You wouldn’t carry around and nurture a rotten egg.
Yes, it is a silly thought, but it reminds me how foolish it is to worry, when worry accomplishes nothing.
For the most part I am a really happy person and I tend to wake up that way almost every day. But, there are days that once I get going, I begin to WORRY. And, there are other times when the blues strike for no apparent reason –not a sadness mind you, but rather a deep funk. Thank goodness these are getting fewer and further between.
They say that women have a greater propensity for worrying than men, that we tend to over analyze things. It’s something that once it hits, I have to get a hold on quickly. I have learned to turn to two books: Change Your Thoughts –Change Your Life, Living the Wisdom of the Tao by Dr.

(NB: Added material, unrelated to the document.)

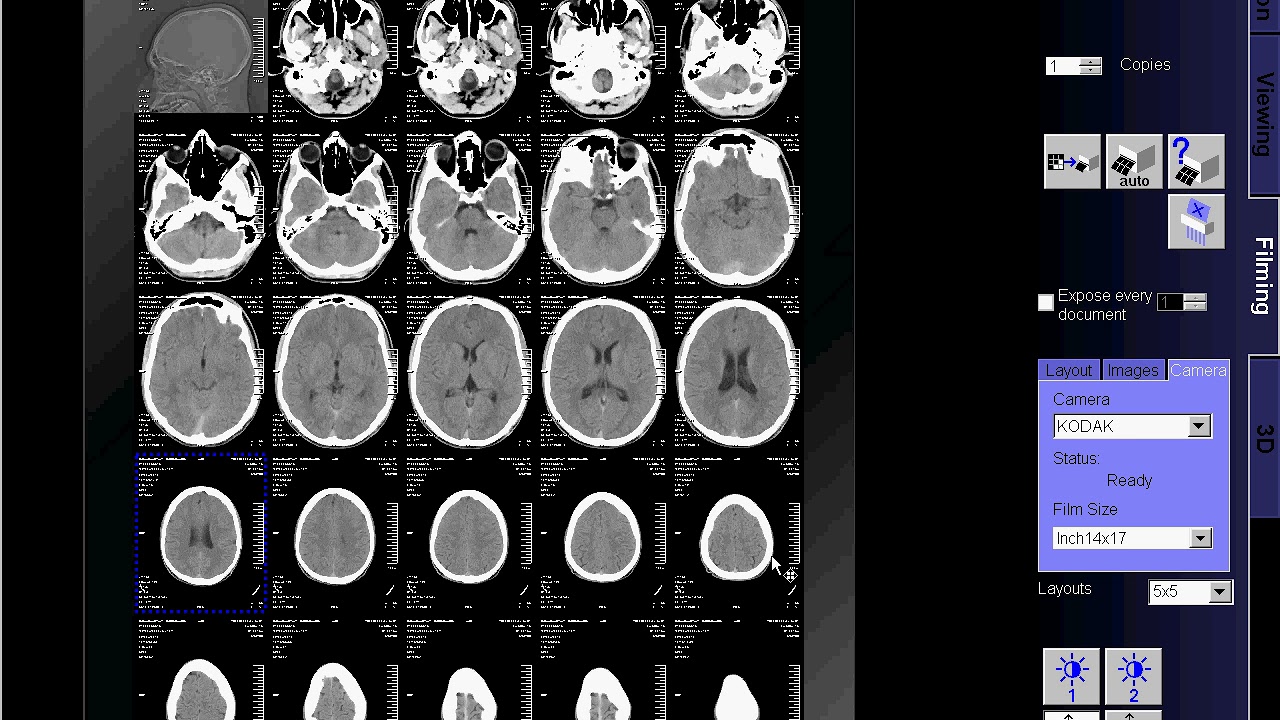 CT Scan of Brain fliming''SIEMENS''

Wayne W. Dyer and Peace a Day at a Time, 365 Meditations for Wisdom and Serenity by Karen Casey.
Although, I am a Christian, I appreciate Buddhism’s lessons on kindness, generosity and self-love. So picking up Dyer’s book and delving into it was a given. It is an easy read, but if you read the lessons twice you gain a deeper meaning. The other book, Karen Casey’s, I picked up without realizing that it is a book for AA. I simply picked it up in the bookstore when the title caught my eye, flipped to a page, read it and was hooked! Its lessons are so short and simple that it is hard to fathom the effect they have on your thinking. Bookmarks now fill each and I’ve underlined and written in all the margins my thoughts and feelings, little phrases that sing to me. Both books are filled with Biblical scripture as well; and like faith, neither are one dimensional.

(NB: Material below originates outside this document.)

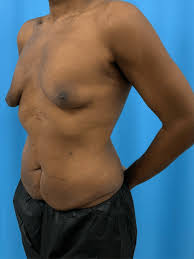 tiny puff nipples|I just started to workout and my puffy nipples slash gyno really makes me  feel bad idk what i should do : r/gynecomastia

If I am honest, my worrying has another component that I don’t like. I call it the ugly cousin –CONTROL. Trying to control even the smallest of things seems almost an addiction. I know it is poisonous. It can make what should be non-stressful situations stressFULL and can place a hardship on even the strongest relationships. For example, because I am an extremely punctual person (a little OCD when it comes to time, I have multiple alarm clocks) I let what should be a minor irritant –waiting on someone for what I felt was an ungodly amount of time- almost ruin a friendship. A girlfriend told me she would meet me at a specific time, and showed up 45 minutes late; she was smiling and chipper I might add. I was beyond ill. What I didn’t understand at that time was that I was the one with the problem, not her. It was my expectations that caused the problem.
Give up expectations of others, stop worrying and just find something to smile about.
It is amazing how much of this I began to understand once I read Dyer’s and Casey’s books. By changing the way I viewed things, I changed the way I felt.